Mientras tanto, la Comisión calculaba en enero que el restablecimiento de los controles de fronteras interiores en Schengen había costado ya 3.000 millones de euros a la economía de la UE, sobre todo por el freno al comercio internacional por carretera. Pero mucho más importante que esta cifra es el riesgo de que Alemania llegue a aplicar estos controles en todas sus fronteras, en un eventual gobierno post-Merkel decidido a evitar el aumento en la llegada de refugiados, un escenario político que resulta muy creíble a la luz de los datos de las encuestas alemanas.
El reciente Consejo europeo extraordinario debía producir una respuesta a esta crisis, junto con la oferta al Reino Unido para evitar el Brexit, pero, si ha avanzado respecto a lo segundo, no ha dado ningún paso en lo primero. Asistimos asombrados a la falta de reacción de gran parte de los Estados: no cumplen con lo acordado. Ni envían a los expertos necesarios para que funcionen los hotspots en Italia y Grecia, sin los cuales el mecanismo de recepción, registro, reparto y devolución es imposible, ni envían personal o medios a Frontex, ni aportan los fondos comprometidos con Turquía, ponen todas las trabas posibles a la aceptación de las cuotas de refugiados… Muchos parecen confiar en que podrán salir de esta crisis actuando como gorrones, es decir, esperando a que sean otros los que contribuyan a la solución.

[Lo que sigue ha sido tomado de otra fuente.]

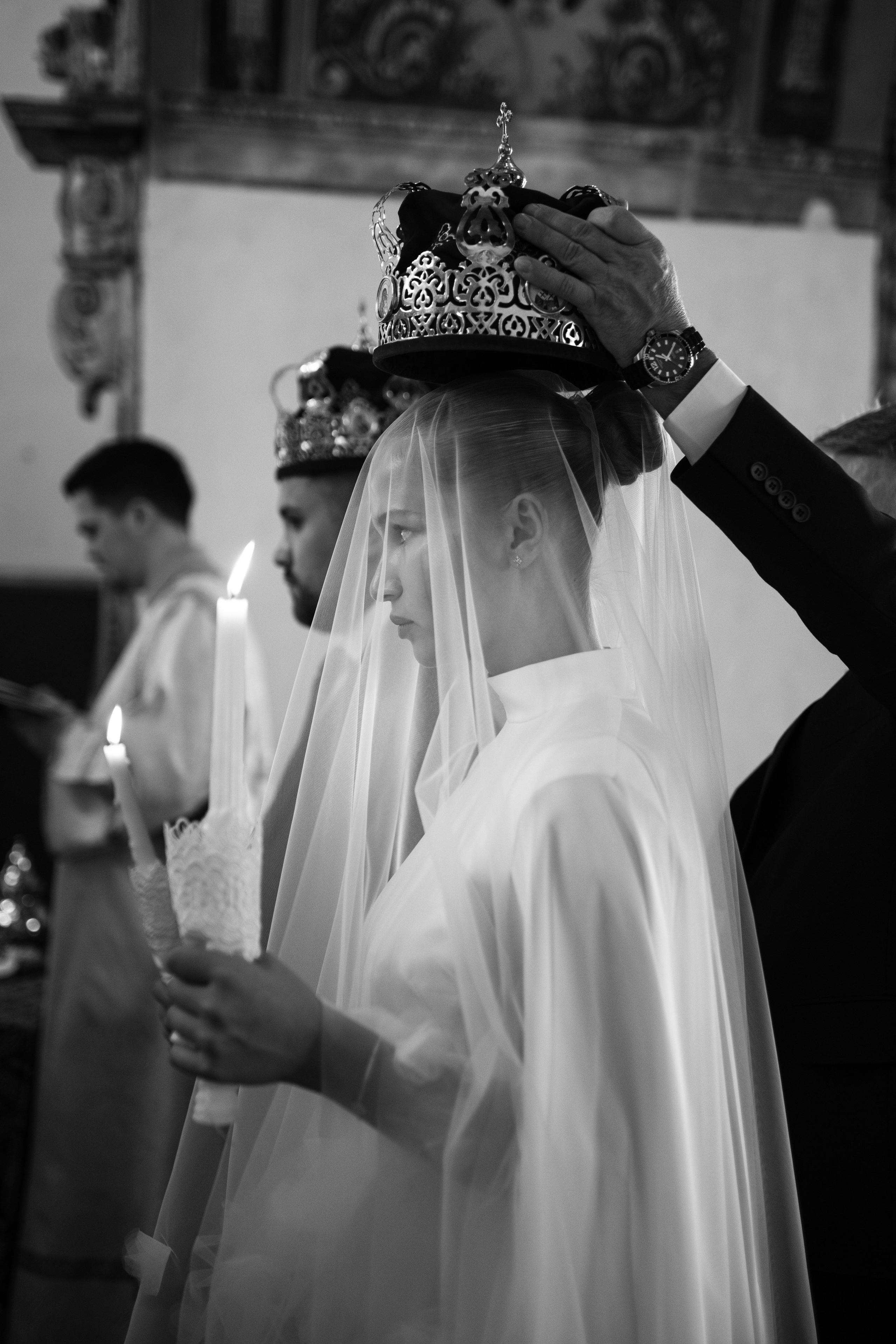 Навечно — Да!. Свадебный и семейный фотограф в Москве Julia Juice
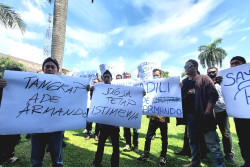 Ade Armando Dilaporkan ke Polda DIY Terkait Ucapan Politik Dinasti di Jogja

Resulta paradójico que sean precisamente los países del Este –los que más se han beneficiado de la libertad de movimiento dentro de la UE por el alto número de migrantes económicos que han desplazado al Oeste– los que menos están haciendo para sostener Schengen. En este Consejo han peleado para suavizar las restricciones que el Reino Unido quiere imponer a los derechos sociales de los migrantes intracomunitarios en su suelo, y lo han conseguido en buena parte. Sin embargo, con su postura de “No a todo” en la crisis de los refugiados han abierto una gran brecha y están haciendo imposible una solución común europea. Los antiguos países del bloque soviético nunca tuvieron una experiencia de inmigración relevante, nunca acogieron refugiados y nunca han convivido con población musulmana, de la que tienen una pésima imagen, lo que coloca a sus poblaciones en una posición muy contraria a la aceptación de asilados procedentes de países árabes. En este aspecto de la cultura política, como en algunos otros, la Europa post-comunista es claramente diferente a la Occidental. Incluso su escasa experiencia con el asilo político en el pasado cercano (los polacos que abandonaron el país durante los años 80) les conduce al escepticismo: la mayor parte de ellos utilizó el refugio en Occidente, sobre todo en Alemania, como vía de migración económica, mientras que los que se oponían al régimen autoritario se quedaban en casa y se movilizaban. Por eso ahora muchos de ellos ven como fraudulenta la oleada actual.
Pero el Este no es el único problema. Juncker ha mostrado ya muchas veces su enfado por la lentitud con que los Estados, en general, están respondiendo a sus obligaciones y compromisos. ¿Qué más hace falta para que reaccionen? Quizá que el peor escenario se consolide, Alemania se apunte también a este “todos contra todos” e imponga controles en todas sus fronteras. Es ya un tópico la idea de que la UE avanza a golpes de crisis. En este caso, ¿cuánto más tiene que profundizarse la crisis?